今度は、戦後最高の宰相と呼ばれている吉田茂。その吉田茂の半生にせまる。
吉田茂といえば、白洲次郎を懐刀とし、戦後の日本を独立と導いたことが有名。また、池田勇人をはじめとした若手政治家を育てた吉田学校も有名ですな。
しかし、本書は吉田茂の人生の後半に目を向けたのではなく、吉田茂の人生、その前半にスポットを当てているのが面白い。
本書のタイトルのように、なぜ、吉田茂はポピュリズム=大衆に迎合して人気を煽る政治姿勢に背を向けたのか?

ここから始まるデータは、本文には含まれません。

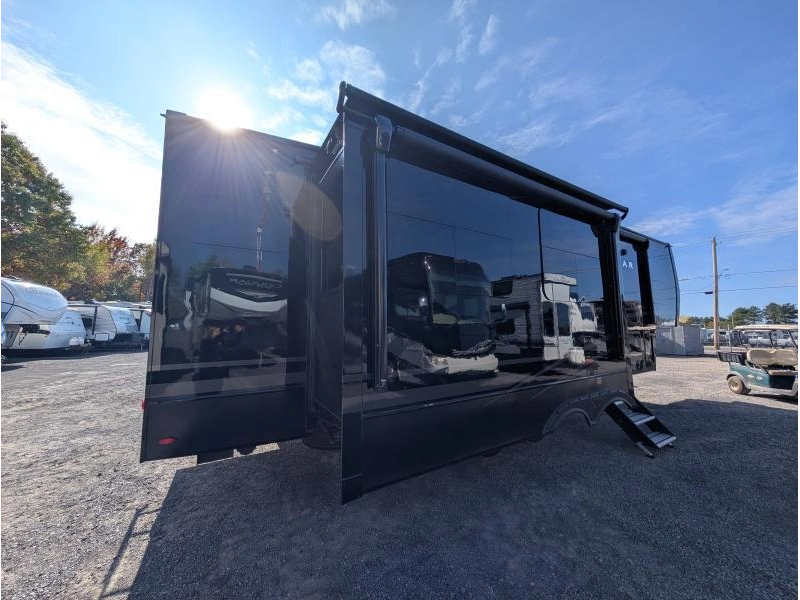 2024 Keystone Rv Cougar 290rls alt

それは、生家の竹内家も養子先の吉田家も、資金的に恵まれていたというのもあるでしょう。
しかし、それなら吉田茂よりも金持ちだった近衛文麿が、おもいっきりポピュリストであることを考えると、その仮説は当てはまらない。
そのような性格は、吉田茂持って生まれての性格なのでしょうな。
「気位は高いが間違ったことはしない」
中見出しにあるように、それが吉田茂の性格であり、それ故にポピュリズムに背を向けていたのでしょうなぁ。
家にも、金にもこだわりはなく、自分の信じた道を進む。
それが吉田茂であり、その気位があったから、日本を独立に導いたのでしょうな。
それと、ものすごいリアリストであったというのもあるのでしょう。
世界中の国々と比較して、日本の国力がどれくらいだったのか?
世界政治の常識はどういうものであったのか?
その中で考えた時、はやりの共産主義や、ファシストはどういう位置づけとなるのか?
たぶん、当時の日本では数少ない、「戦争は外交手段の一種であり、その多交渉と同じである」と知っていたのも変えだけなのでしょうなぁ。
だから、勝ちっぷりと同じように、負けっぷりが大事であることを知っていた。
戦争に負けて、全面降伏をしたとはいえ、それで国家がなくなるわけではないことを知っていた。
本来的な性格と、徹底的なリアリストであったというのが、吉田茂の真髄だったのでしょうな。
そして、そんなリアリストは日本において、吉田茂以降登場していないのが悲しいことですな。